2023-08-30 Thread Matt DeVillier
Issue #506 has been reported by Matt DeVillier.


Bug #506: Apollolake/Geminilake boards fail to boot OS when CPU microcode 
included "from tree"
https://ticket.coreboot.org/issues/506

* Author: Matt DeVillier
* Status: New
* Priority: Normal
* Target version: none
* Start date: 2023-08-30
* Affected versions: 4.21, 4.15, 4.16, 4.17, 4.18, 4.19, master
* Affected hardware: all boards using Intel Apollolake/Geminilake SoCs
* Affected OS: All

Apollolake/Geminilake (APL/GLK) based devices are unique in that they have a 
special firmware region called IFWI, which contains the coreboot bootbock and 
CPU microcode, among other things. As part of building an image for an 
APL/GLK-based device, an existing IFWI binary must be supplied in order to be 
modified with coreboot's bootblock. The CPU microcode however is not updated, 
as the region size is fixed, and current tooling (util/cbfstool/ifwitool) does 
not have the ability to resize it. 

When the default coreboot Kconfig option `CPU_MICROCODE_CBFS_DEFAULT_BINS` for 
CPU microcode is selected, coreboot will include a microcode update in CBFS 
which is (much) newer than that in the IFWI, and apply it in ramstage.
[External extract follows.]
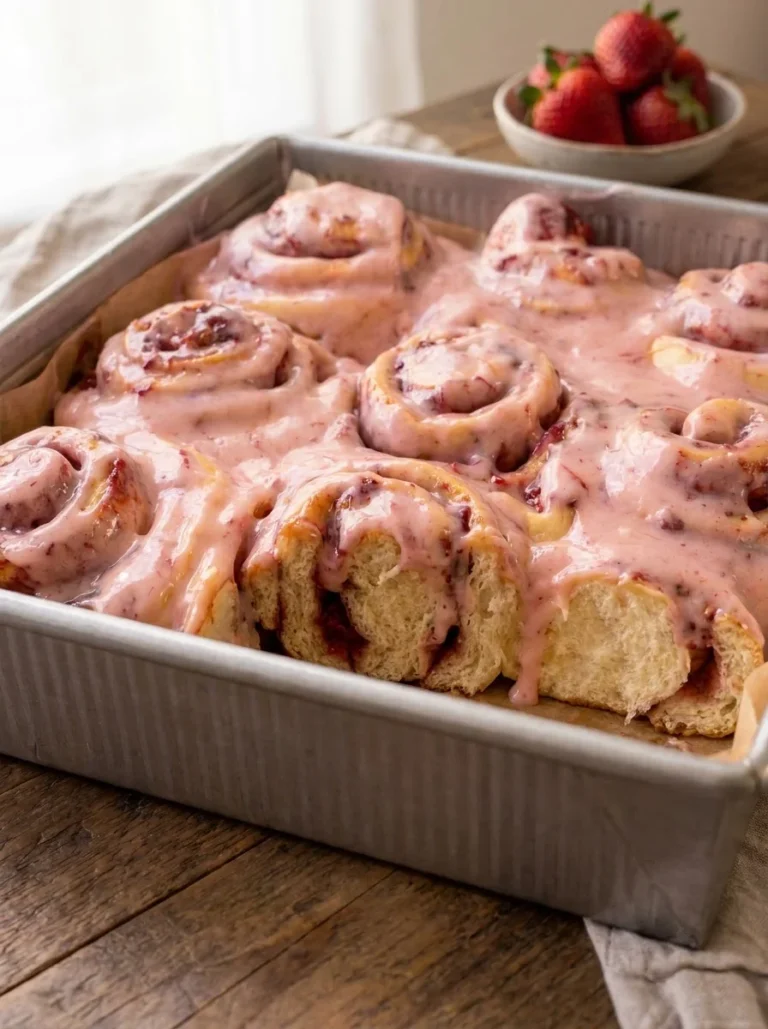 Fresh Strawberry Rolls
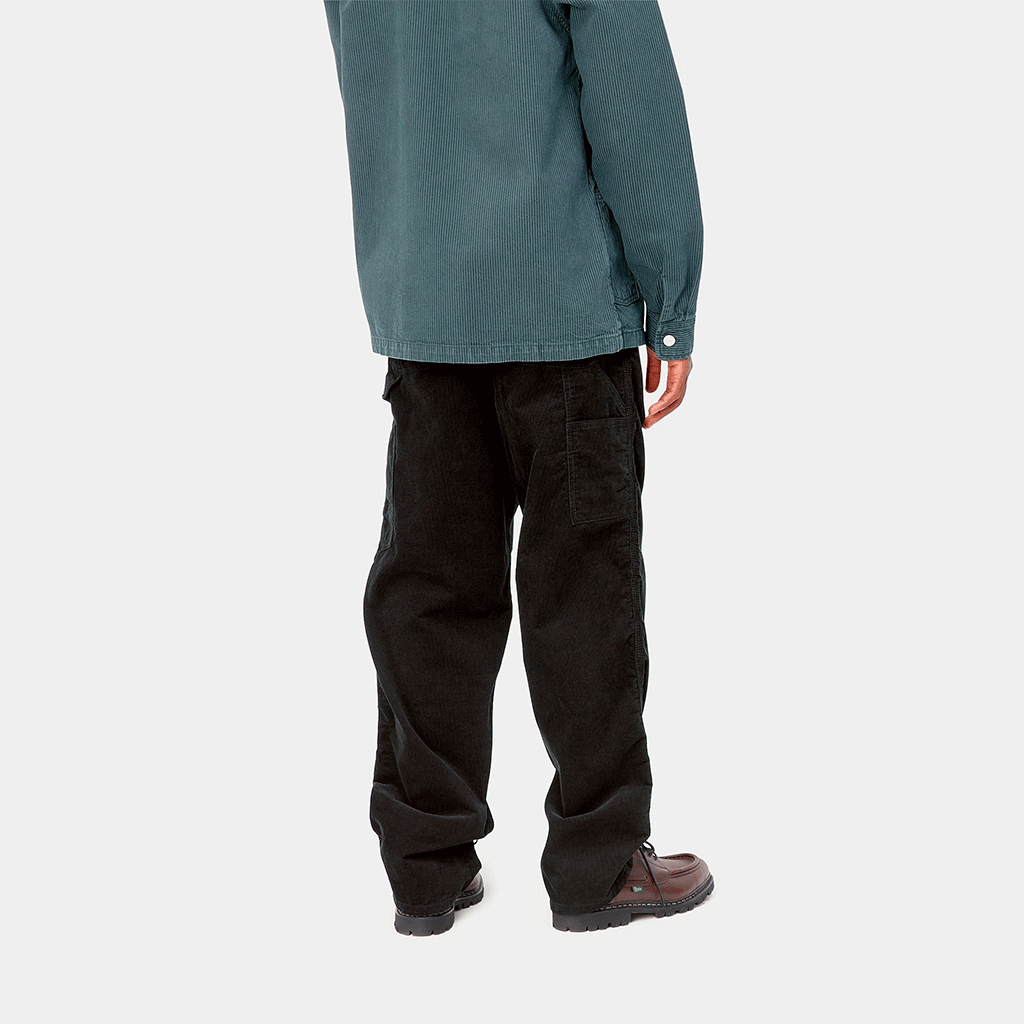 Single Knee Pant Black Rinsed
This 
causes any OS to fail to boot: Linux hangs, and Windows BSODs with an 
`UNSUPPORTED CPU` error. The only workaround is to include an external CPU 
microcode binary which matches the one in IFWI (ie, use both the IFWI and 
microcode extracted from the original vendor firmware image). Not including any 
microcode update has not been tested, and may also be an option.

There have been a few patches submitted to work around this (CB:65680, 
CB:64863), but the former requires external, non-public tooling, and the latter 
fails if the new microcode update is larger than the existing IFWI region.

Possible areas to investigate are adding resizing capability to ifwitool, and 
constructing an IFWI from scratch (vs copying/modifying the existing one)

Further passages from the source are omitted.